Information supplied:

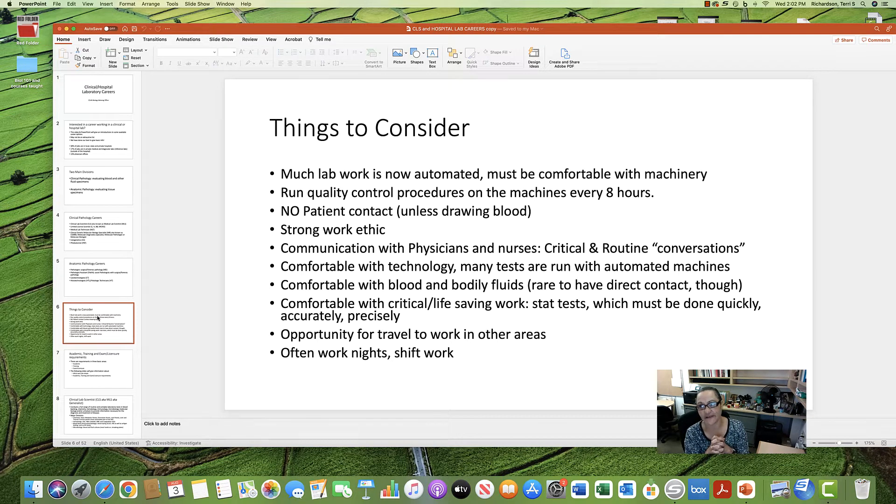Some things to consider if this career interests you: much of the lab work is now automated — you'd be working a lot with complex machines. These machines require quality control to ensure accurate analysis. There is no patient contact in most of these careers unless you're a phlebotomist drawing blood. If your goal is to work directly with patients, this may not be the right area.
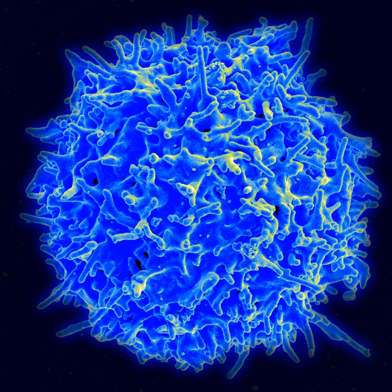The Space Automated Bioproduct Lab can be used for experiments in the life, physical, and material sciences with a focus on supporting research of biological systems and processes. Microorganisms, small organisms, animal cells, and tissue cultures are studied in this lab.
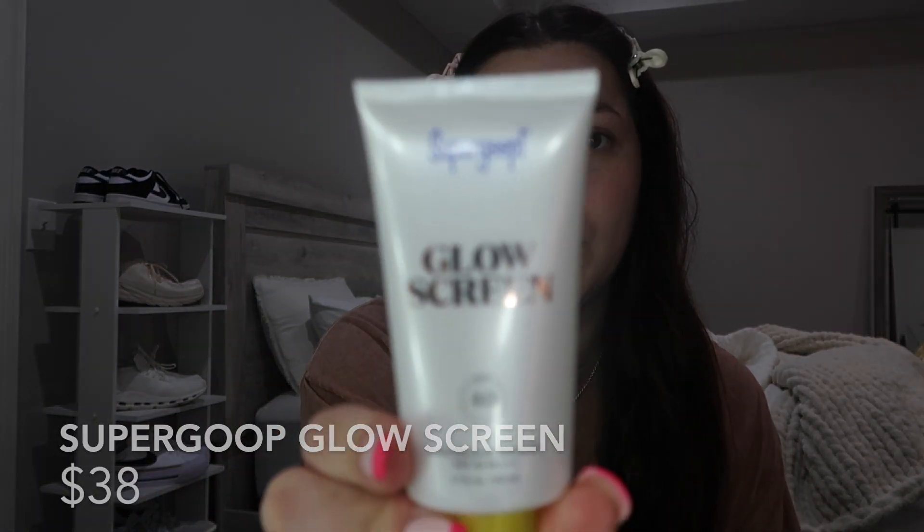Before I do anything I start with my Drunk Elephant Polypeptide Moisturizer — I washed my face this morning and moisturized. Then I go in with my Glow Screen by Supergoop; this stuff is the best, it's my holy grail — I don't think I'll ever change from this. Then I'll mix in my Drunk Elephant Bronzing Drops just to give myself some more color.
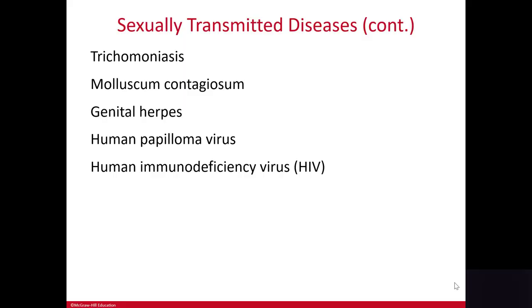Human papillomavirus, or HPV, causes genital warts and can occur in both men and women. In women, this virus can cause changes to the cells in the cervix and can increase a woman's risk for cervical cancer.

Work to complete:
Could you reproduce all of the material exactly? Keep the pictures out of it.

Completed exercise:
Some things to consider if this career interests you: much of the lab work is now automated — you'd be working a lot with complex machines. These machines require quality control to ensure accurate analysis. There is no patient contact in most of these careers unless you're a phlebotomist drawing blood. If your goal is to work directly with patients, this may not be the right area.
The Space Automated Bioproduct Lab can be used for experiments in the life, physical, and material sciences with a focus on supporting research of biological systems and processes. Microorganisms, small organisms, animal cells, and tissue cultures are studied in this lab.
Before I do anything I start with my Drunk Elephant Polypeptide Moisturizer — I washed my face this morning and moisturized. Then I go in with my Glow Screen by Supergoop; this stuff is the best, it's my holy grail — I don't think I'll ever change from this. Then I'll mix in my Drunk Elephant Bronzing Drops just to give myself some more color.
Human papillomavirus, or HPV, causes genital warts and can occur in both men and women. In women, this virus can cause changes to the cells in the cervix and can increase a woman's risk for cervical cancer.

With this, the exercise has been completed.